> [What the exercise asks]: The exercise calls for exact output of the lines between the one that contains "Ginger Juniper Poppy" and the end of the data, with both ends kept and pictures left out.

Records from a dataset
============================================================

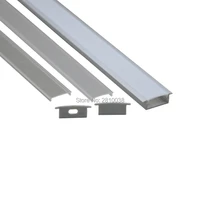 10 x 0 5m setslot square anodized alu channel led lights from al6063 led strip diffuser suppliers for recessed wall lights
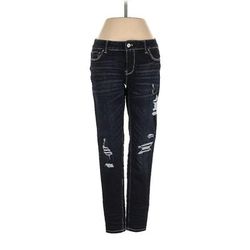 White House Black Market Jeans - Mid/Reg Rise: Blue Bottoms - Women's Size 4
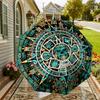 Mayan Calendar Inspired Umbrella: A Unique Blend of Ancient Art and Modern Functionality - Perfect for Outdoor Adventures, Travel Essentials 167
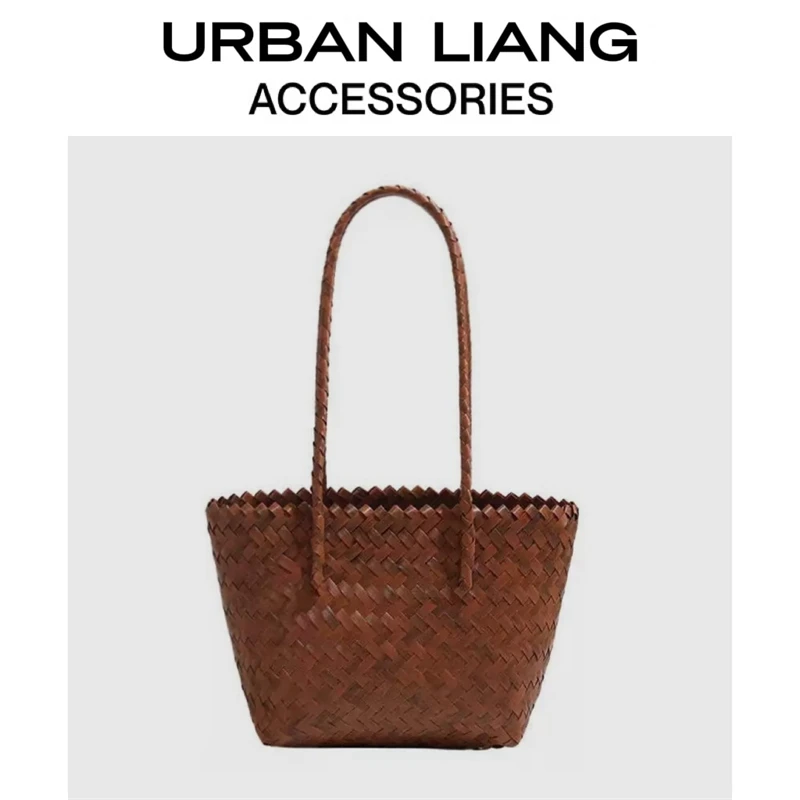 

UR Beach Vaion Large Capaci Wier Handbag Faionable Buet St Weaving Bag Casual Double Strap oulder Tote Bag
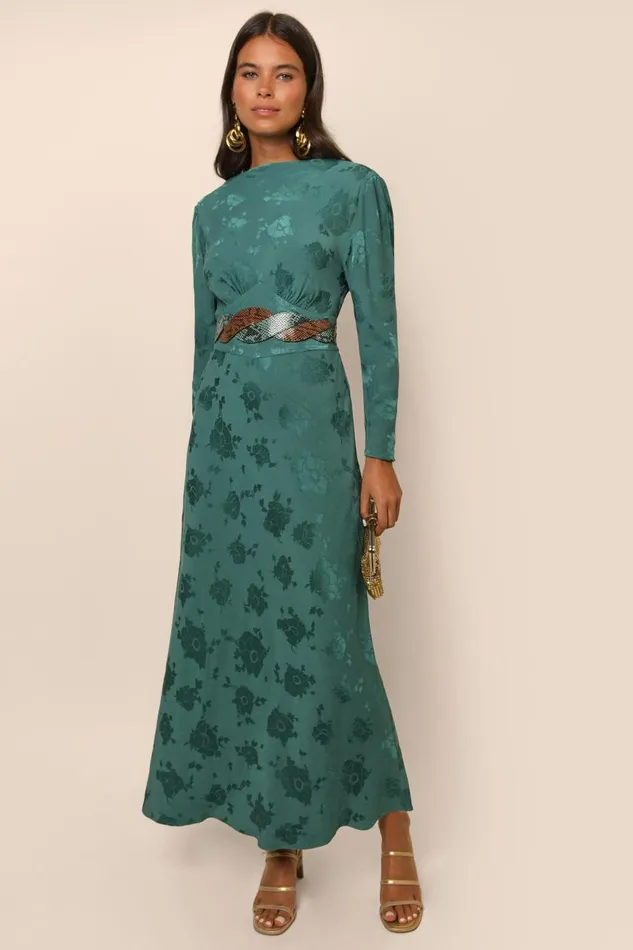 Ginger Juniper Poppy Jacquard Women RIXO Dresses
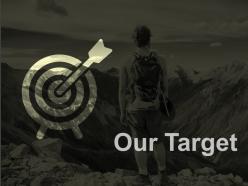 Our target arrow competition ppt professional design inspiration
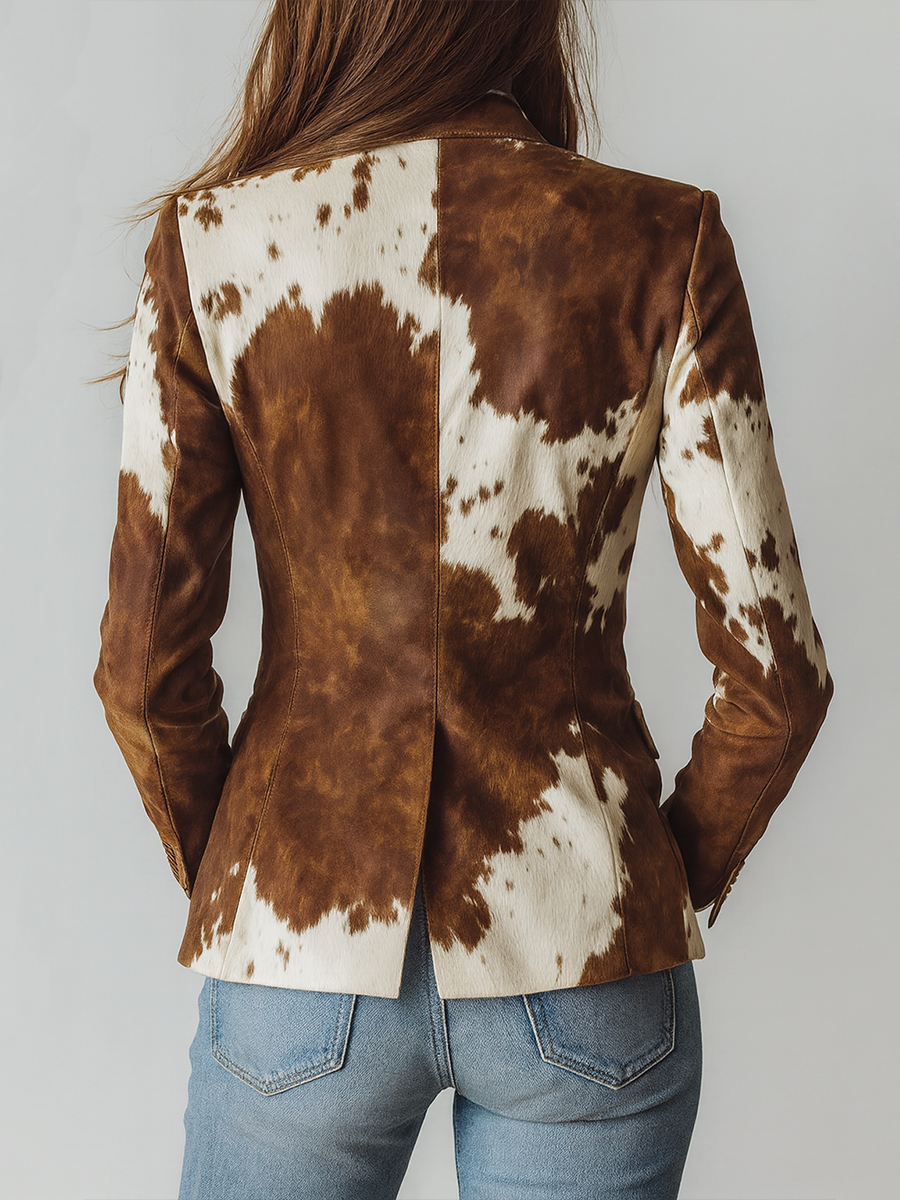Florence | Statement Print Blazer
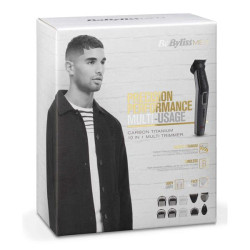 BABYLISS - Tondeuse multi-usages - 10 en 1 Carbon Titanium - MT727E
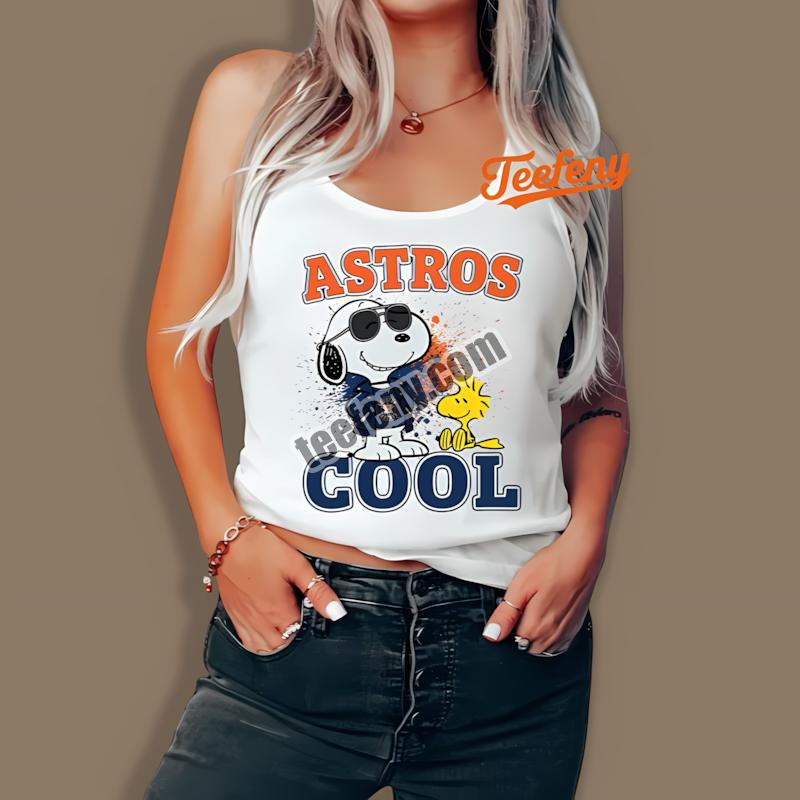 Houston Astros Snoopy Cool Custom Tanktop Houston Astros Snoopy Cool Custom Tanktop
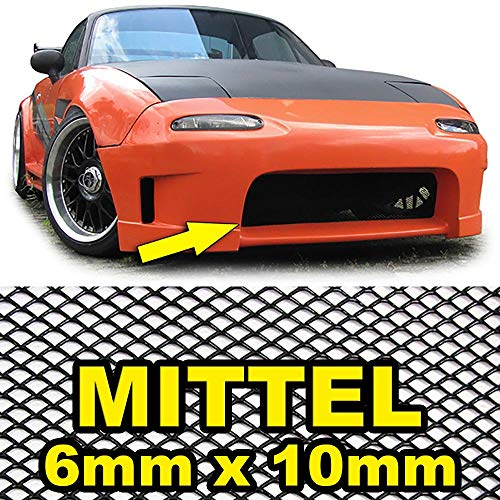 Aluminium Gitter Renngitter Wabengitter Racegitter 100X40cm 6x10mm Schwarz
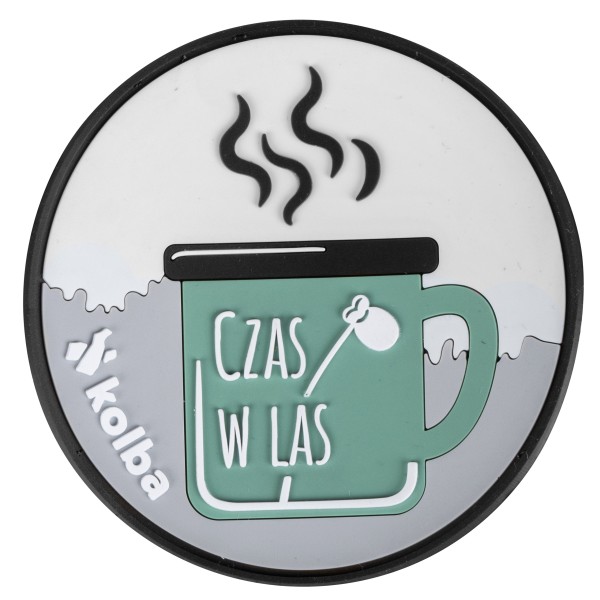 Naszywka Patch Kolba „Czas w las” kubek Naszywka Patch Kolba „Czas w las” kubek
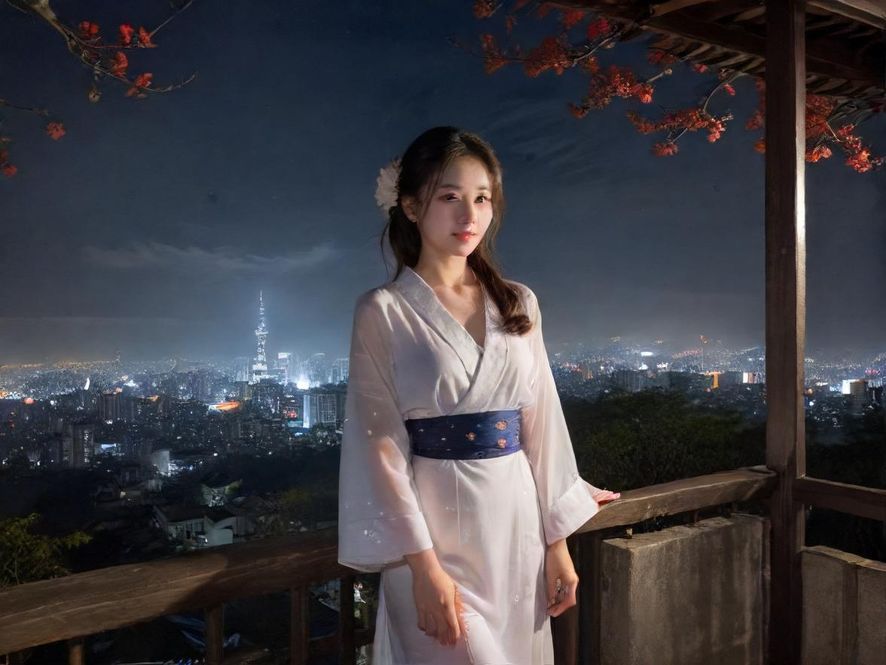 广州夜场会所夜景外观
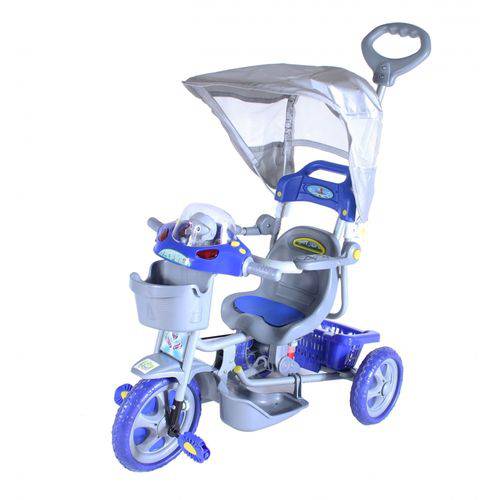 Triciclo Infantil Super Treck Azul com Som e Luz 900800 - Bel Fix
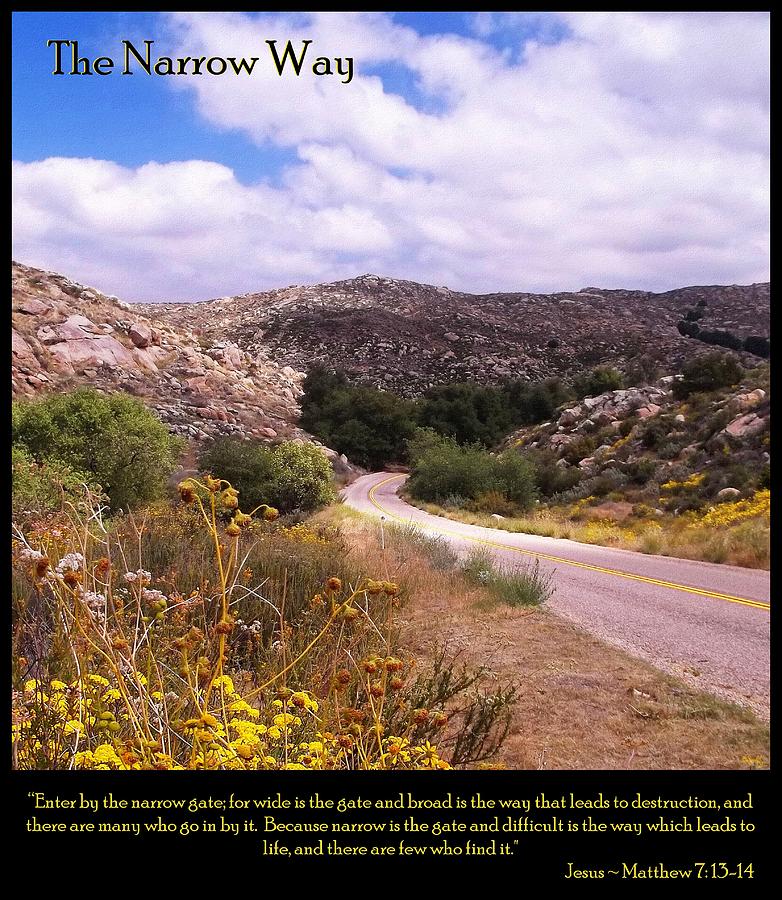 The Narrow Way Photograph by Glenn McCarthy Art and Photography
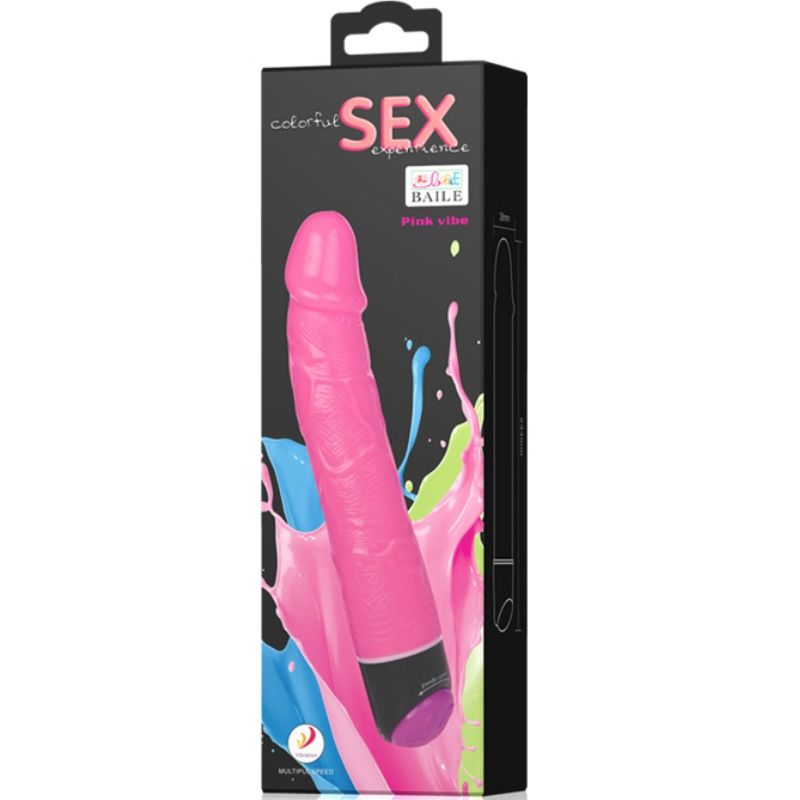 Baile - Colorful Sex Vibrador Realistico Rosa 23 Cm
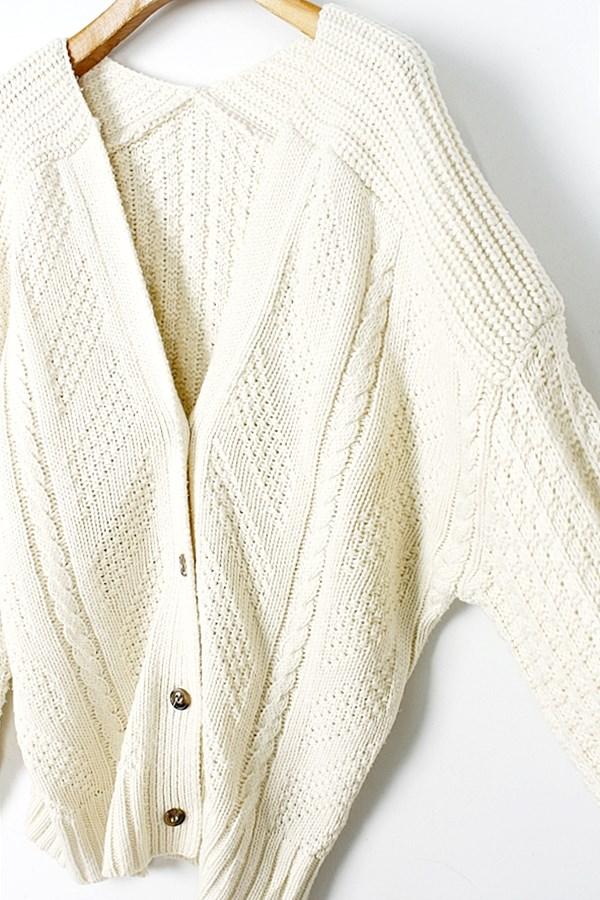 HURAL 오버핏 니트 가디건 WOMAN_M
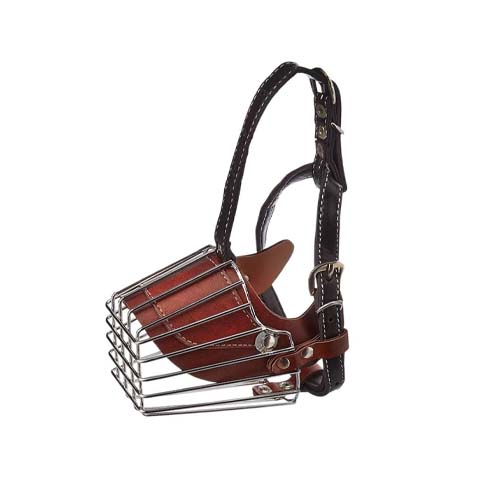 MASK DOG MOUTH LEATHER STEEL NO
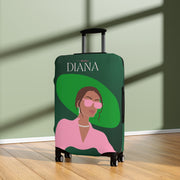 Pink and Green Affair Luggage Cover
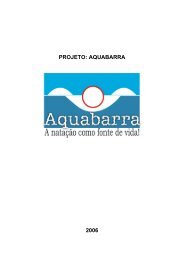 projeto de natação - Aquabarra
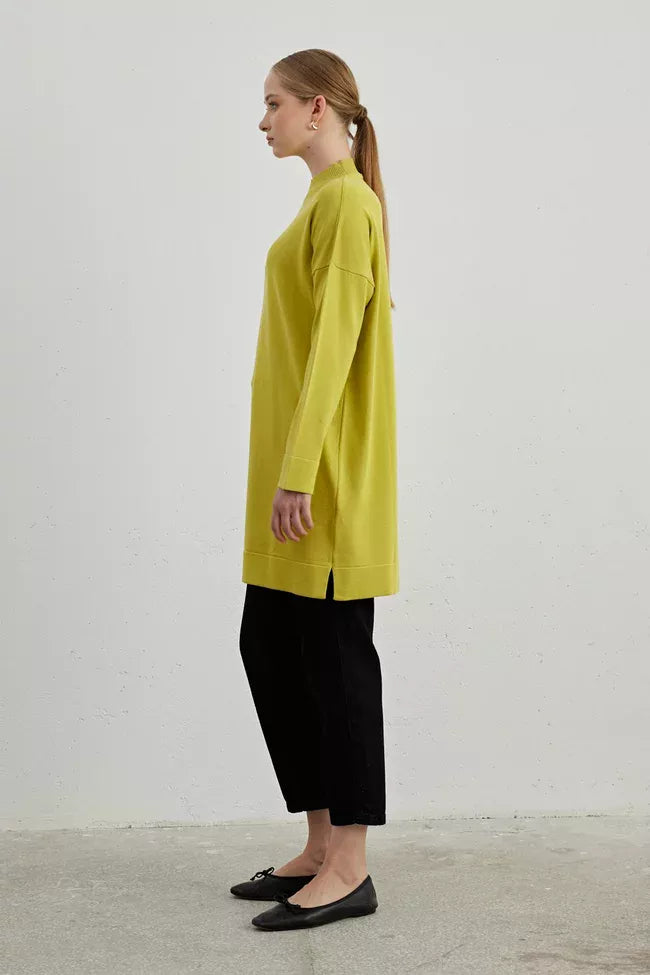 MRW Half Turtleneck Tunic Yellow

============================================================

> [Exercise answer]:
 Ginger Juniper Poppy Jacquard Women RIXO Dresses
 Our target arrow competition ppt professional design inspiration
Florence | Statement Print Blazer
 BABYLISS - Tondeuse multi-usages - 10 en 1 Carbon Titanium - MT727E
 Houston Astros Snoopy Cool Custom Tanktop Houston Astros Snoopy Cool Custom Tanktop
 Aluminium Gitter Renngitter Wabengitter Racegitter 100X40cm 6x10mm Schwarz
 Naszywka Patch Kolba „Czas w las” kubek Naszywka Patch Kolba „Czas w las” kubek
 广州夜场会所夜景外观
 Triciclo Infantil Super Treck Azul com Som e Luz 900800 - Bel Fix
 The Narrow Way Photograph by Glenn McCarthy Art and Photography
 Baile - Colorful Sex Vibrador Realistico Rosa 23 Cm
 HURAL 오버핏 니트 가디건 WOMAN_M
 MASK DOG MOUTH LEATHER STEEL NO
 Pink and Green Affair Luggage Cover
 projeto de natação - Aquabarra
 MRW Half Turtleneck Tunic Yellow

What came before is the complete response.